### Directions for this task:
Copy exactly the lines of the material below that fall between the line with "Also, I'm going" and the line with "This vehicle has", both of those lines included; pictures stay out.
*** Supplied data Section Begins ***
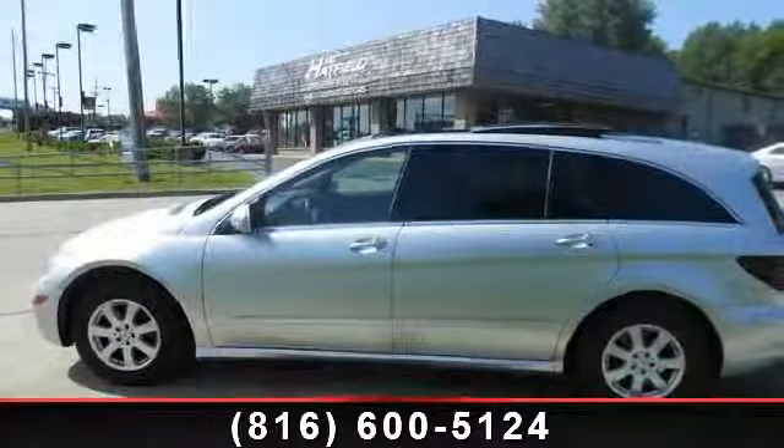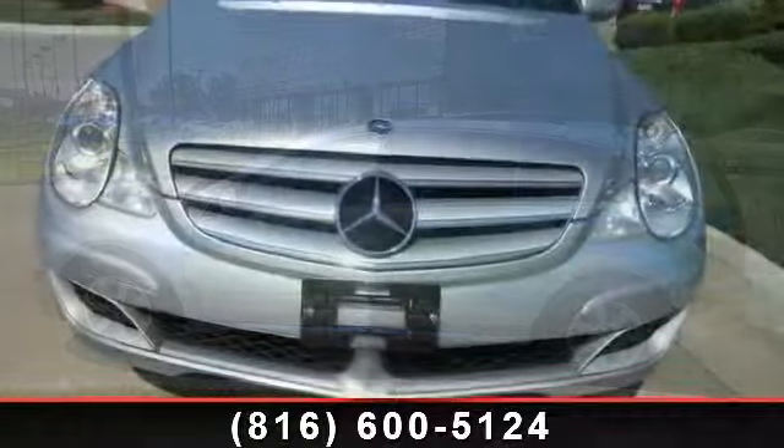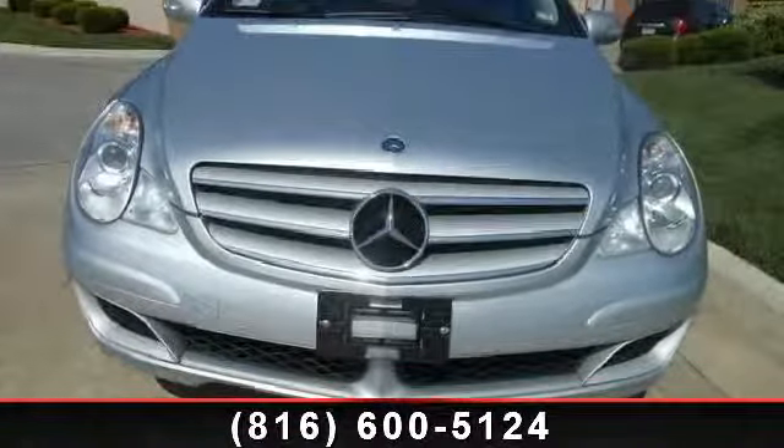Check out this 2007 Mercedes-Benz R Class R 350. If you are looking for a first-class ride, you have found it.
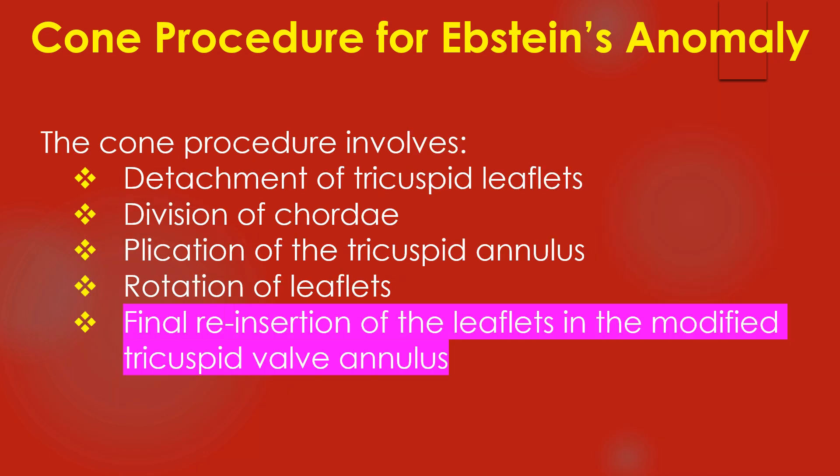The Coen procedure involves detachment of tricuspid leaflets, division of chordae, plication of the tricuspid annulus, rotation of leaflets, and final reinsertion of the leaflets in the modified tricuspid valve annulus.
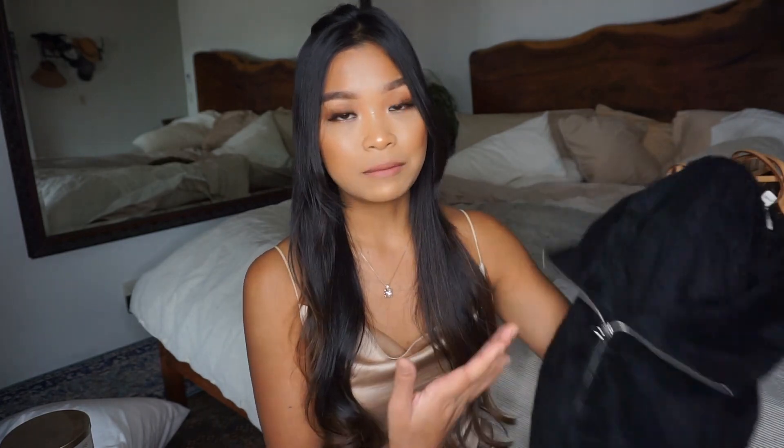Whenever I get clothing items I just try to get staples. I don't like to get trendy pieces or pieces that I know are not going to last me for a long time, and this is just such a classic, timeless piece. It's just a black sweater and it's not hooded or anything so I don't have to worry about messing up my hair. I can just throw this on, walk to the gym, and I'm good to go.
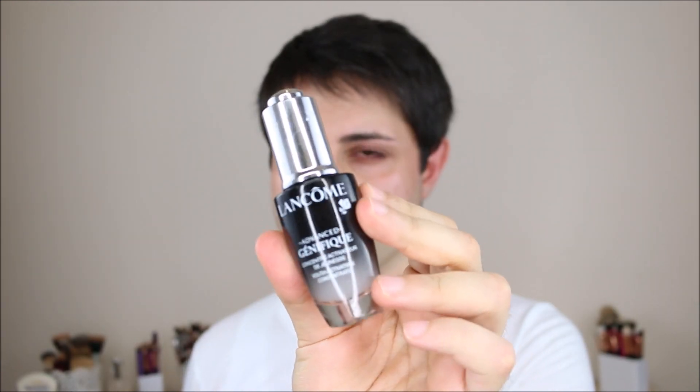Also, I'm going to use this Genifique Face Serum from Lancome, which is amazing. It's a little bit expensive, but it has hyaluronic acid which is really plumping and moisturizing. I feel like it makes a really amazing difference and I love this product.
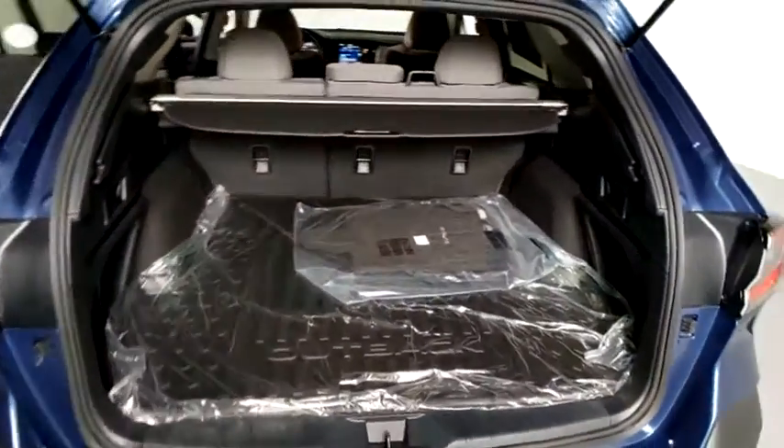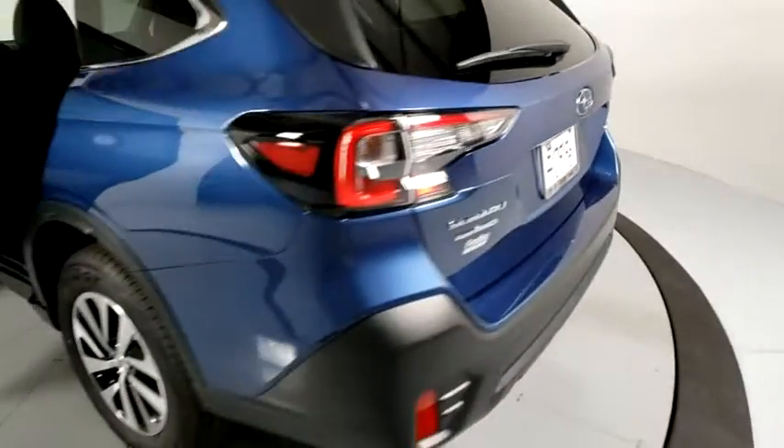Take this vehicle for a spin and see why so many shoppers are now proud owners.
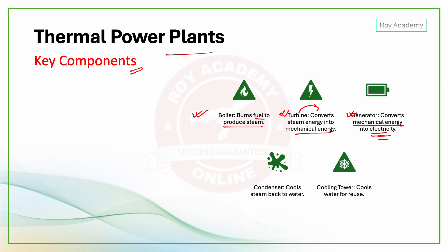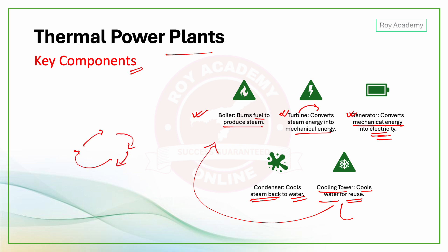Another key component is the condenser, which uses a cooling tower to cool the water. This completes the cycle of a thermal power plant.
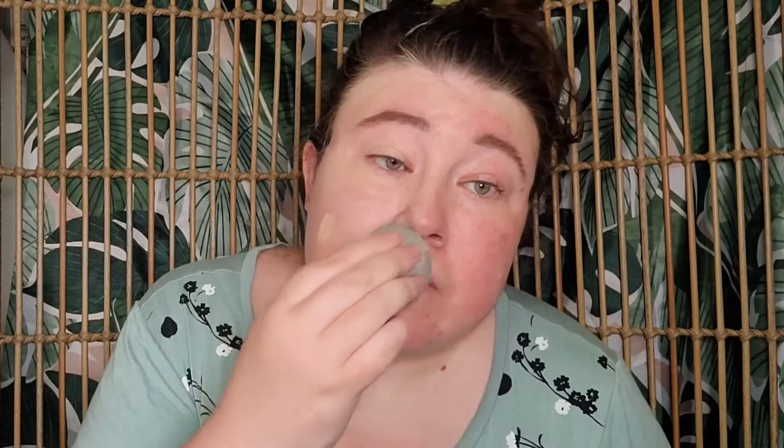It's blending out quite nicely to a good shade for me, which is good. The sponge actually feels really nice as well — it's making a really good difference and blending out quite nicely. I thought it was going to be a little bit too dark at first, but it's actually quite good.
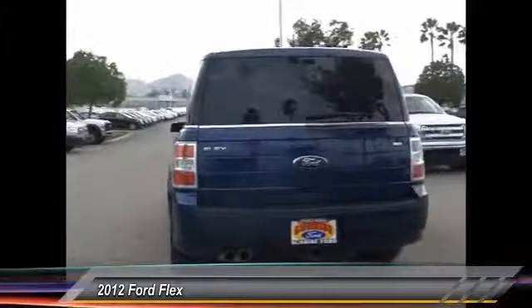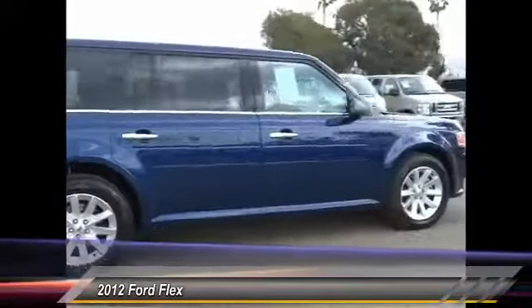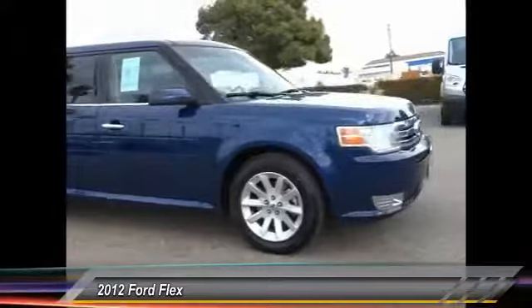This vehicle has less than 105,000 miles. This isn't just a vehicle, it's an experience. So stop in for a test drive today.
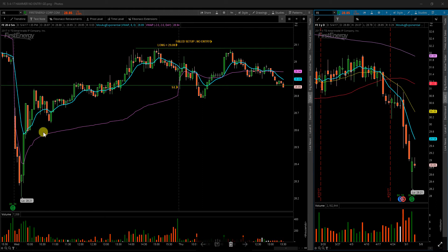This is your trade review of my setups for May 4th. FE First Energy did not trigger. It did find support at the lower end of my range, however no continuation upside, no momentum to carry it up. I do like this inside candle that's forming today and I'll keep this on watch for another setup tomorrow.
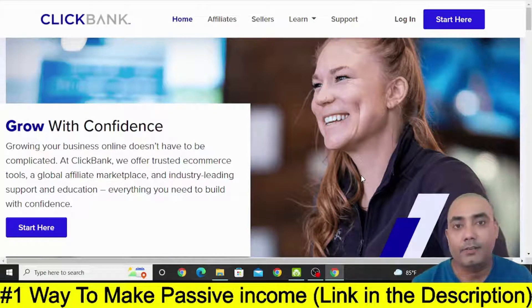Hey guys, it's me Pond Agal and in this video I am going to show you a secret and fastest way to make money with affiliate marketing. So even if you are a complete beginner, you can follow everything that I am going to show you in this video and still be able to make money with this method.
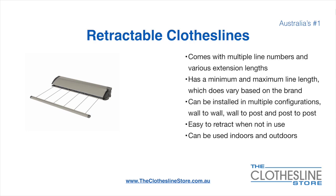Retractable clotheslines come in a multitude of line numbers and various extension lengths. They have a minimum and a maximum line length which does vary based on the brand. There's a lot more information on this at the Clothesline Store. They can be installed in a multitude of configurations which include wall-to-wall, wall-to-post and post-to-post. They are very easy to retract when not in use and can be used indoors and outdoors.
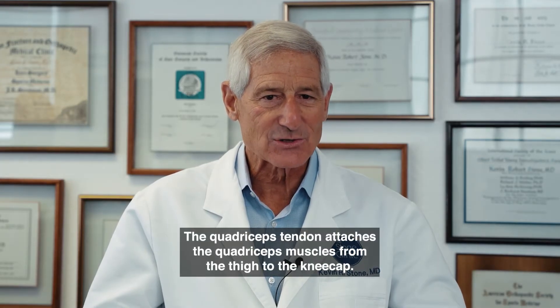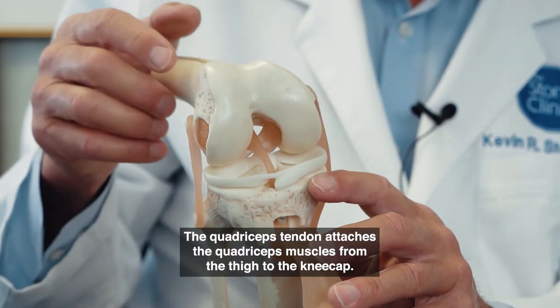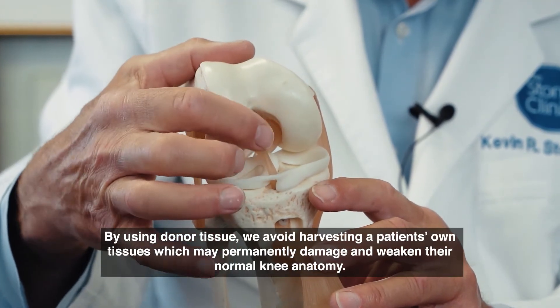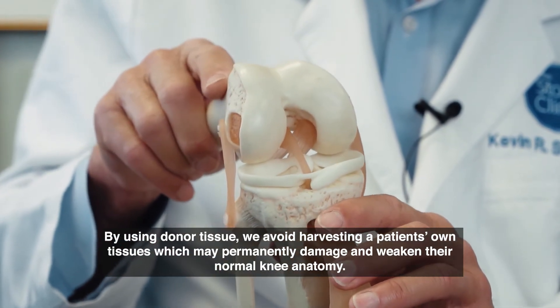We then moved on to the use of donor tissues, and within the donor tissue space, we've learned now that the quadriceps tendon is thicker and stronger than any other tissue we have available. So now we use donor quadriceps tendon to rebuild the torn ACL for our athletes with ruptured cruciate ligaments.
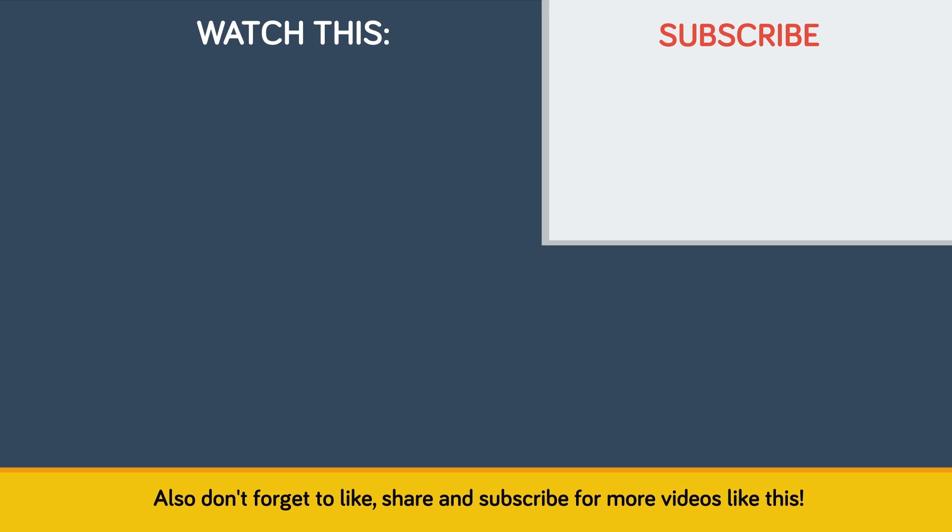If you found this video interesting, check out our other video, Why Living on a Submarine Sucks. Don't forget to like, share, and subscribe for more videos like this!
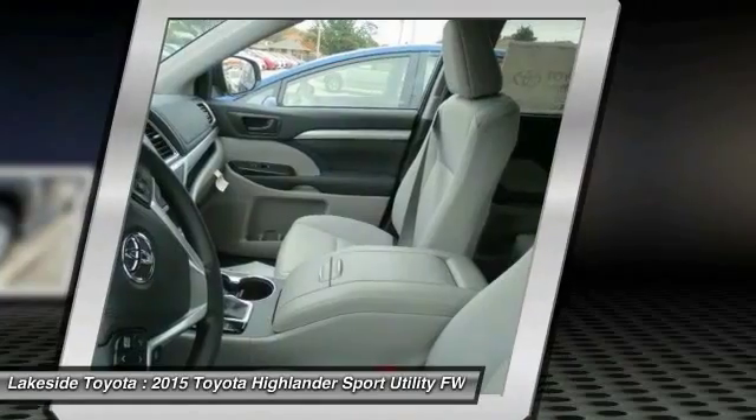Take this vehicle for a spin and see why so many shoppers are now proud owners.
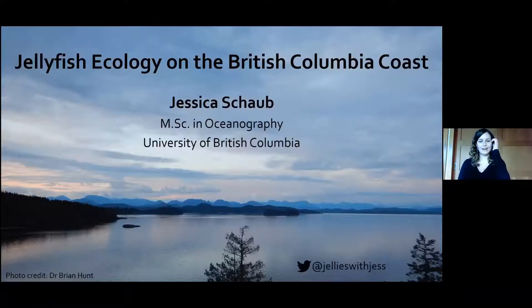Thank you, Lynn. Hi everybody, thank you for joining me this Saturday afternoon. I am a master's student in oceanography at the University of British Columbia. I'm a jellyfish ecologist by trade, which means I study how jellyfish interact with their environment. Most of my field work is in British Columbia, so the examples I'll be giving today have a very local focus. This talk is geared for the public, covering basic concepts of jellyfish biology and ecology.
*** Supplied data Section Ends ***
### Result of this exercise:
Also, I'm going to use this Genifique Face Serum from Lancome, which is amazing. It's a little bit expensive, but it has hyaluronic acid which is really plumping and moisturizing. I feel like it makes a really amazing difference and I love this product.
Take this vehicle for a spin and see why so many shoppers are now proud owners.
Another key component is the condenser, which uses a cooling tower to cool the water. This completes the cycle of a thermal power plant.
It's blending out quite nicely to a good shade for me, which is good. The sponge actually feels really nice as well — it's making a really good difference and blending out quite nicely. I thought it was going to be a little bit too dark at first, but it's actually quite good.
This vehicle has less than 105,000 miles. This isn't just a vehicle, it's an experience. So stop in for a test drive today.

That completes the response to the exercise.